Appreciate any help!


Solution

  • You are actually comparing two vectorized implementations and the later is more expensive due to the memory hierarchy overheads (as pointed ou by @hpaulj in comments). The overhead of CPython loops is small in both cases.

    More specifically, the former code operates on arrays of size 240*320 = 76800. which fits in the L2 cache on all mainstream CPUs while the later operate on arrays of size 3_840_000 which does not fit in the L2 cache but the L3 on some CPU or only the RAM on others. The L3 cache is slower than the L2 and the RAM si much slower than the L3 cache. CPU caches closer to cores are much faster but also much smaller. Because of that, doing the computation chunk by chunk like you do in the first code is a good practice to improve temporal memory locality and thus performance.

    One reason why temporal memory locality is improved here is because the internal allocator generally tends to recycle array (that is providing back the address of a newly deleted array of a similar size). This often happens on temporary arrays created by Numpy. Another reason is that temporary array are written and often directly read again and reading the array back is faster if the array is in a fast CPU cache. For example, FRAMES == 3 creates and fill a boolean array which is directly read back by the astype function.

    On my machine with a i5-9600KF CPU, the L3 is large enough (9 MiB) to (mostly) hold the arrays so the difference in performance is not so huge. I expect this not to be the case on your machine.

    However, note that .astype(np.uint8) is rather expensive here and not even needed in this case. Indeed, you can use .view(np.uint8). The former create a new array and convert items while the later just do a reinterpret cast of the item in memory without any copy. The later is only safe if you know exactly what you are doing. Here it is safe since the input (np.bool_) and output (np.uint8) types are of the same size (1 byte), both are unsigned and of a compatible kind (boolean versus integers). Once this modification is done, the code is much faster.

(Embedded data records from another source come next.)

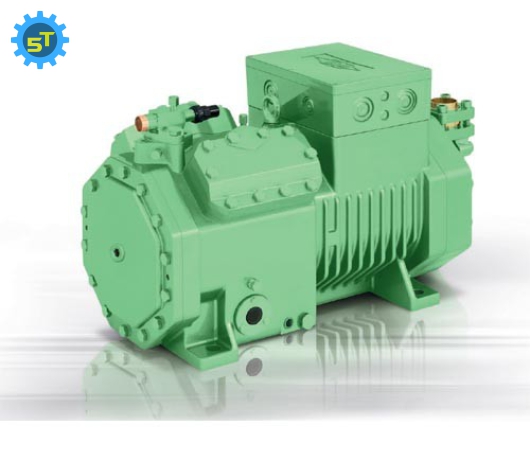 Máy nén Bitzer 2FES-3Y-40S 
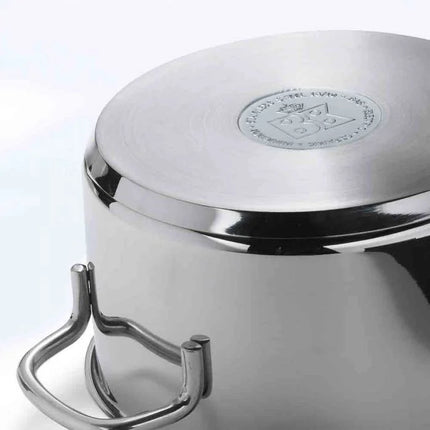 BK Profiline Topfset - 4-teilig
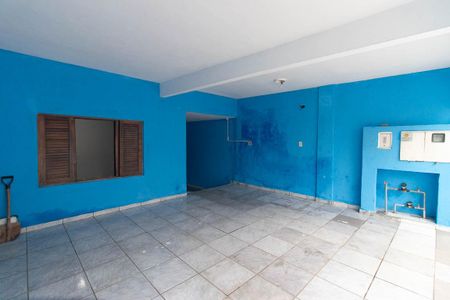 Casa para alugar com 112m², 2 quartos e 2 vagas Casa para alugar com 112m², 2 quartos e 2 vagasGaragem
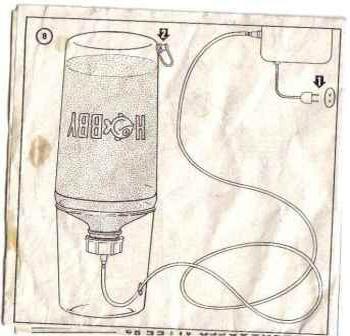 Cách ấp và thu hoạch artemia để nuôi cá bột trên 10 ngày tuổi Artemia-Su08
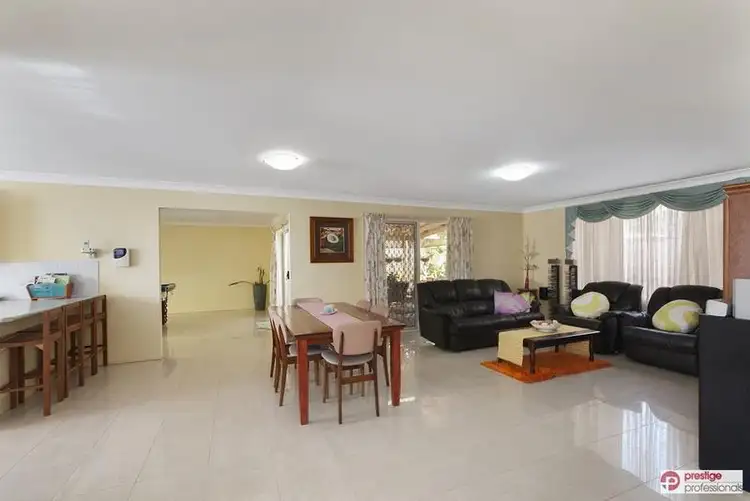 Sixth view of Homely house listing, 4 Applegum Place, Prestons NSW 2170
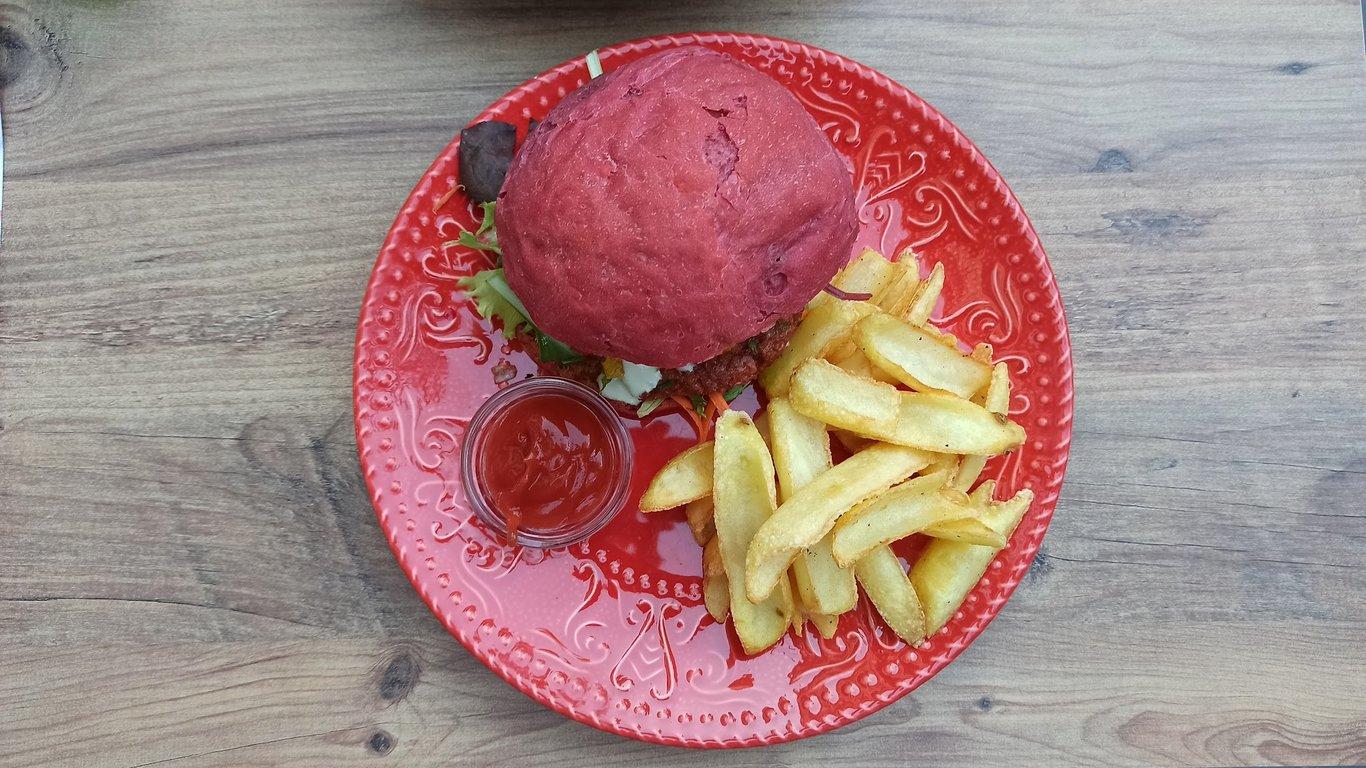 Vegan House fotoğraf 14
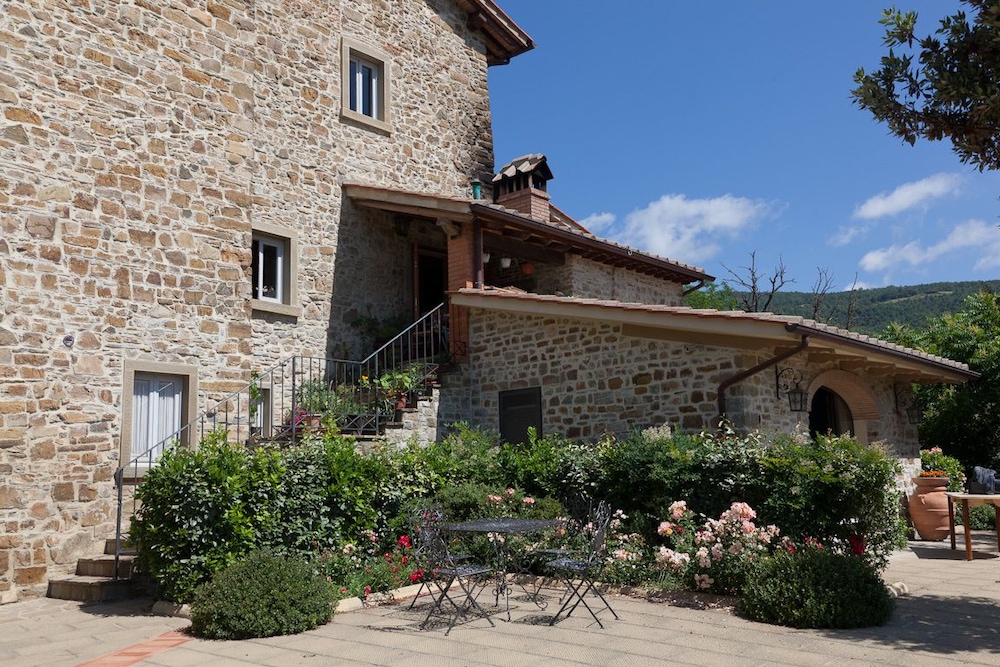 La Casetta in Campagna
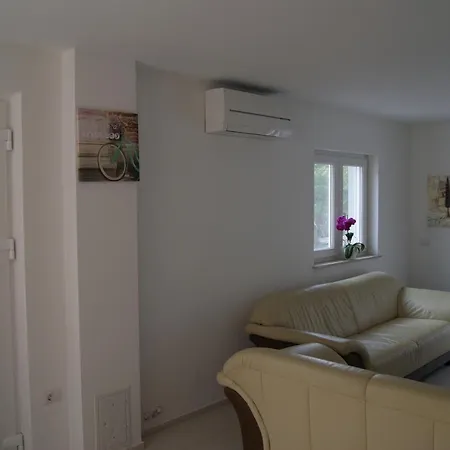 Zagar Apartment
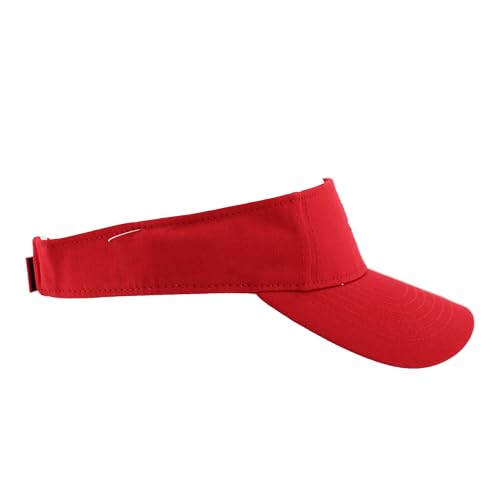 Image of ZHATS NBA Unisex-Adult NBA Officially Licensed Visor Drill Icon Team Color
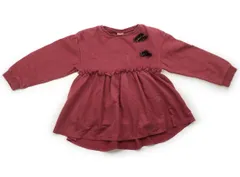 【プティマイン/petitmain】チュニック 120サイズ 女の子【子供服・ベビー服】（2021509）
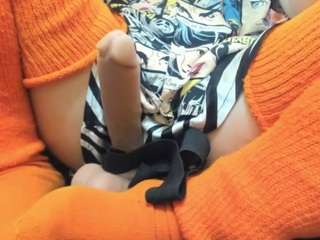 NaughtyMistress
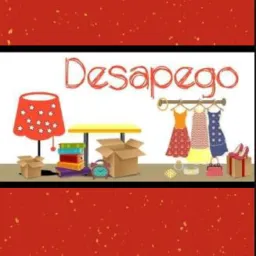 Grupo desapego poço dá cruz (Novos e usados)Petrolina, Juazeiro  e regiões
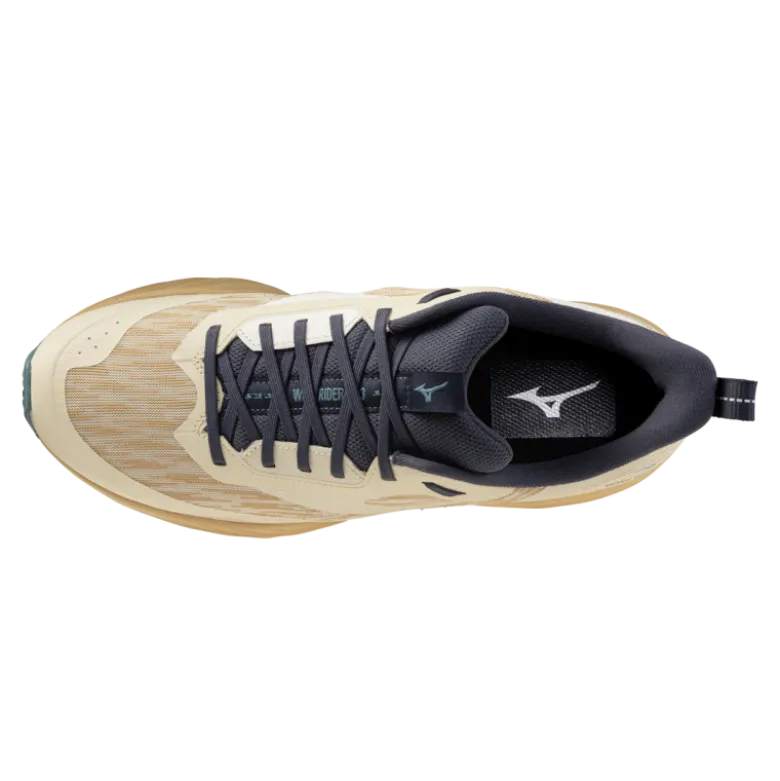 MizunoWave Rider TT 3 - Chaussures running homme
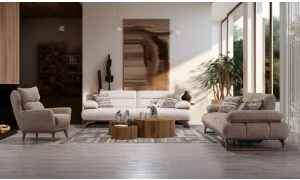 Falcon Koltuk Takımı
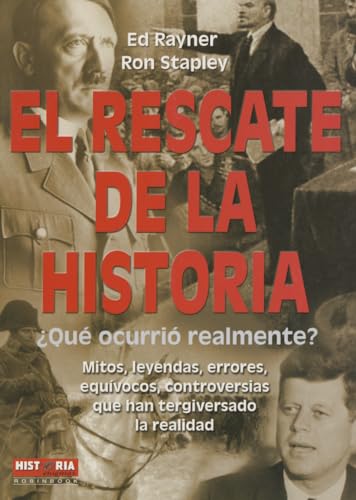 El rescate de la historia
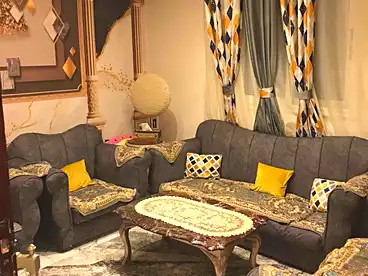 Apartments For sale in Abu Yusuf, Al Agamy, 120 sqm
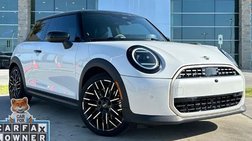 2025 MINI Hardtop Cooper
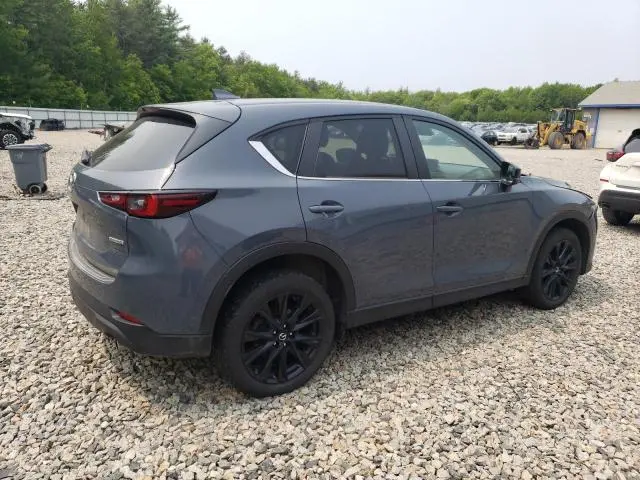 2022 MAZDA CX-5 PREFERRED  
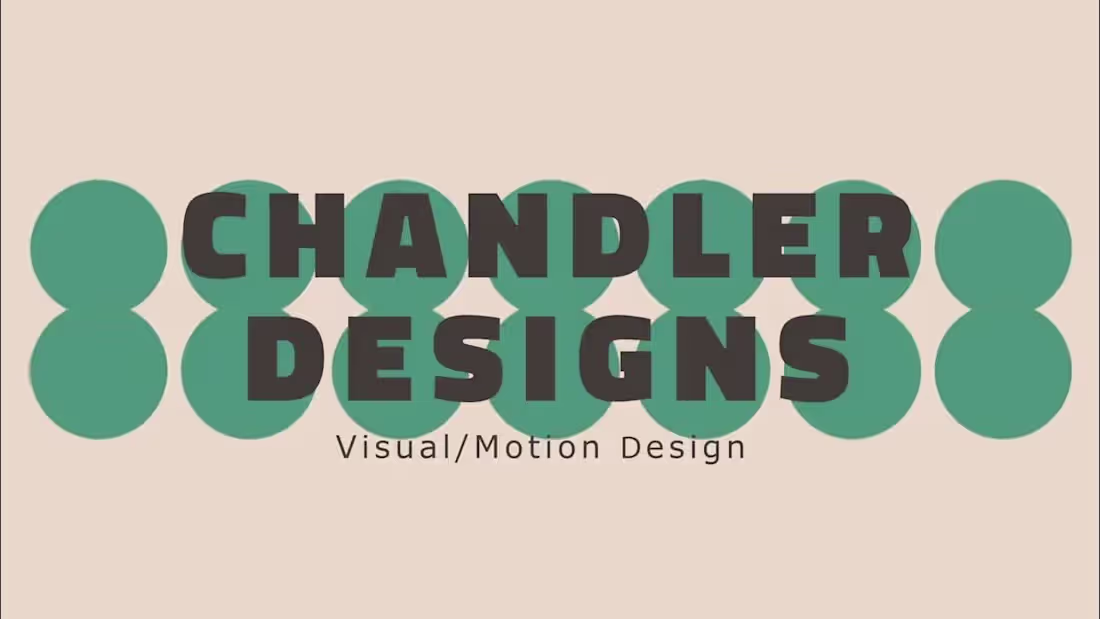 Cover image for Demo Reel - YouTube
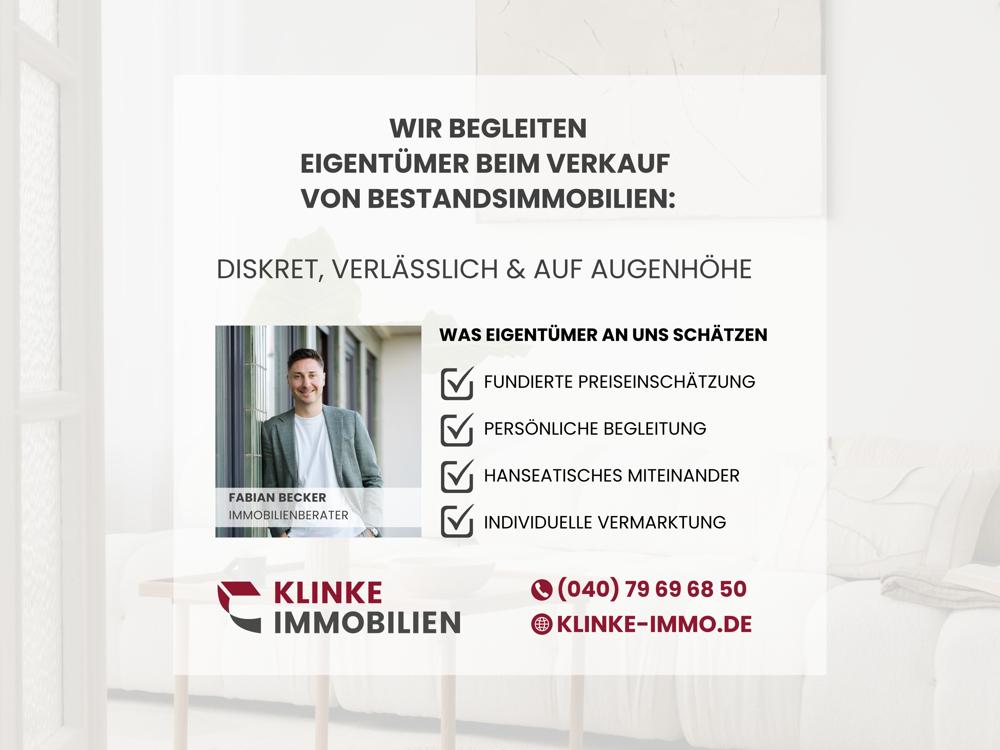 Neues Wohnen in Alsterdorf - Photo 4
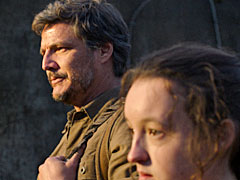 実写ドラマ「THE LAST OF US」，日本語吹き替え版の配信を開始。U-NEXTの公式YouTubeチャンネルでは，第1話を期間限定で無料公開中
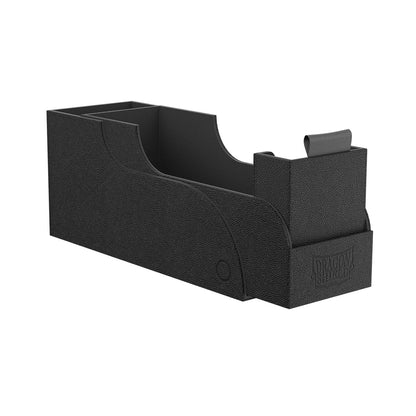 DS - Nest+ 300: Black/Black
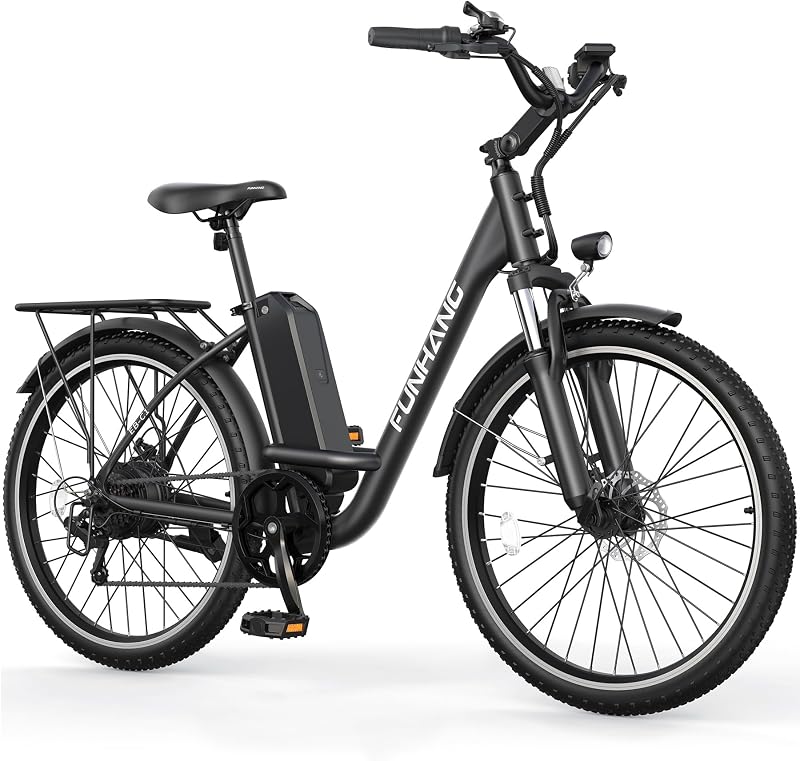 Rad Power RadRunner vs Lectric XPedition for two kid school 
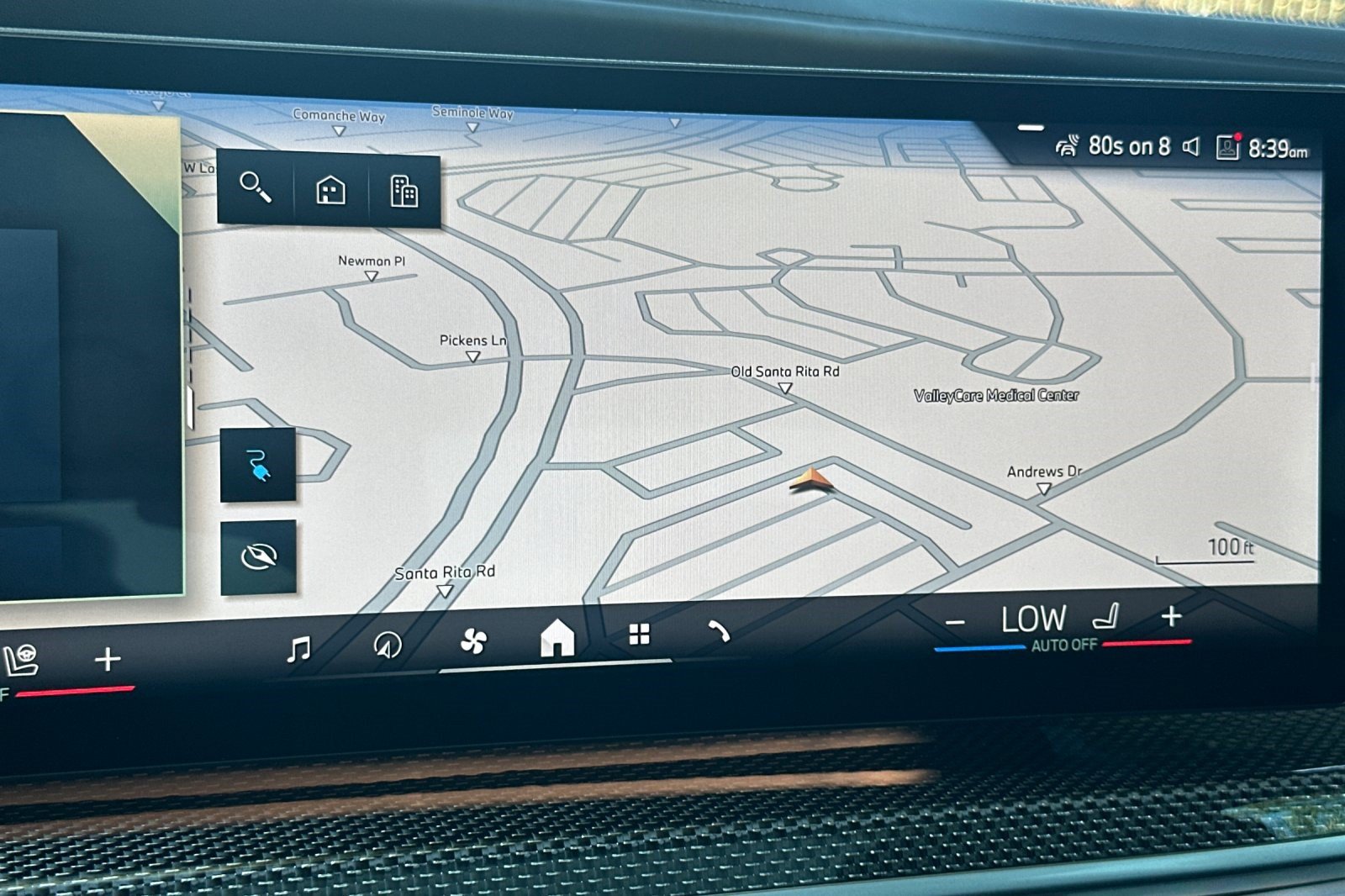 Used 2023 BMW i7 xDrive60 AWD/4WD image 24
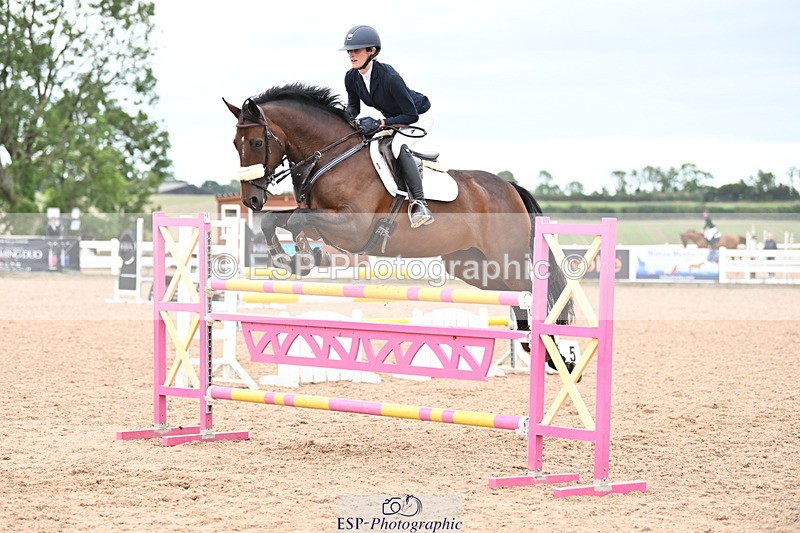 250820B-135735-00838 - Cls 6 Foxhunter and 1.20m Open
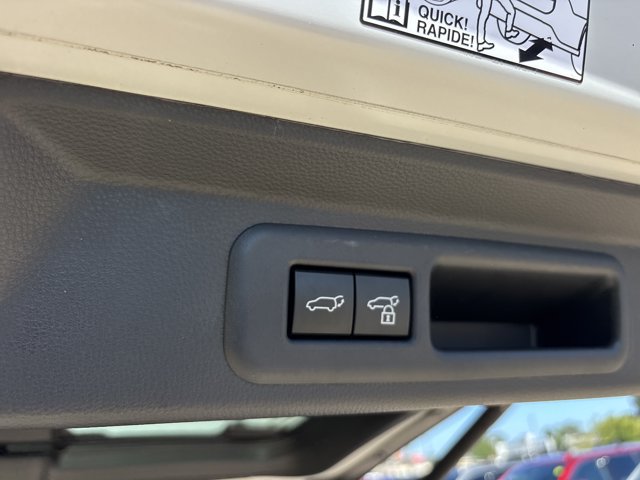Used 2026 Toyota Sequoia Platinum AWD/4WD image 6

    Here are performance results on my machine (with Cpython 3.8.1, Numpy 1.24.4 on Windows):

    Initial implementation:
        - Native Python:  5.990550100000291
        - Vectorized:     9.843130900000233
    
    Optimized implementation (using np.view):
        - Native Python:  0.9843445999999858
        - Vectorized:     2.8540657999997165
    

    In the optimized version of the "Native Python" implementation, the big input array completely fit in the L3 and small temporary array do not impact is much so data is not evicted. In the second implementation data is more often evicted from the L3 cache because the temporary array is relatively big (the minimum space required is 3840000*2=7680000 bytes assuming the allocator and the cache optimal, but they are not and there is not enough space in my L3 cache for 3 times the array size, that is 3840000*3=11520000 bytes, hence a significantly higher execution time, not to mention the "Native Python" mostly operates in the L1 cache for temporary arrays).